WHAT TO WORK ON >>
Could the data below be copied exactly, minus the pictures?

Captioned web images:
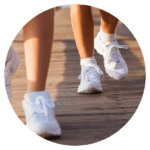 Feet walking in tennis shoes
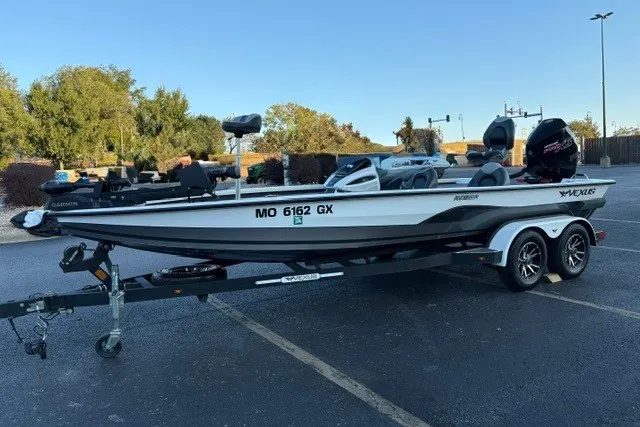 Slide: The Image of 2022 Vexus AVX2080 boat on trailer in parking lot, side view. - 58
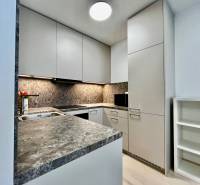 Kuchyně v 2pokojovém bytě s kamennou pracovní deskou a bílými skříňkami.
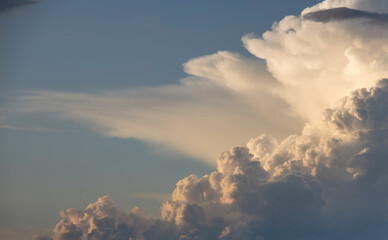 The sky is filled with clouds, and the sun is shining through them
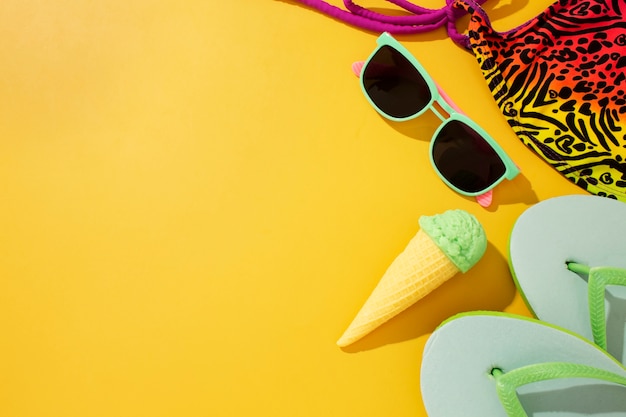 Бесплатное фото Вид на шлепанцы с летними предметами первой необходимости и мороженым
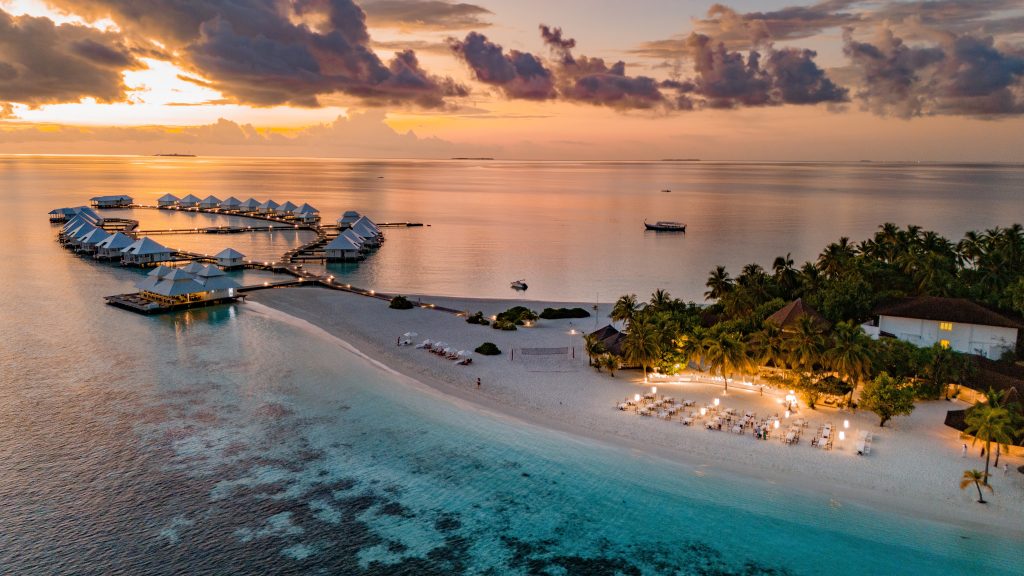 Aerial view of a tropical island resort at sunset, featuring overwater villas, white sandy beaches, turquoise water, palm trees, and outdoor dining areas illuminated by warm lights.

WRITTEN SOLUTION >>
 Feet walking in tennis shoes
 Slide: The Image of 2022 Vexus AVX2080 boat on trailer in parking lot, side view. - 58
 Kuchyně v 2pokojovém bytě s kamennou pracovní deskou a bílými skříňkami.
 The sky is filled with clouds, and the sun is shining through them
 Бесплатное фото Вид на шлепанцы с летними предметами первой необходимости и мороженым
 Aerial view of a tropical island resort at sunset, featuring overwater villas, white sandy beaches, turquoise water, palm trees, and outdoor dining areas illuminated by warm lights.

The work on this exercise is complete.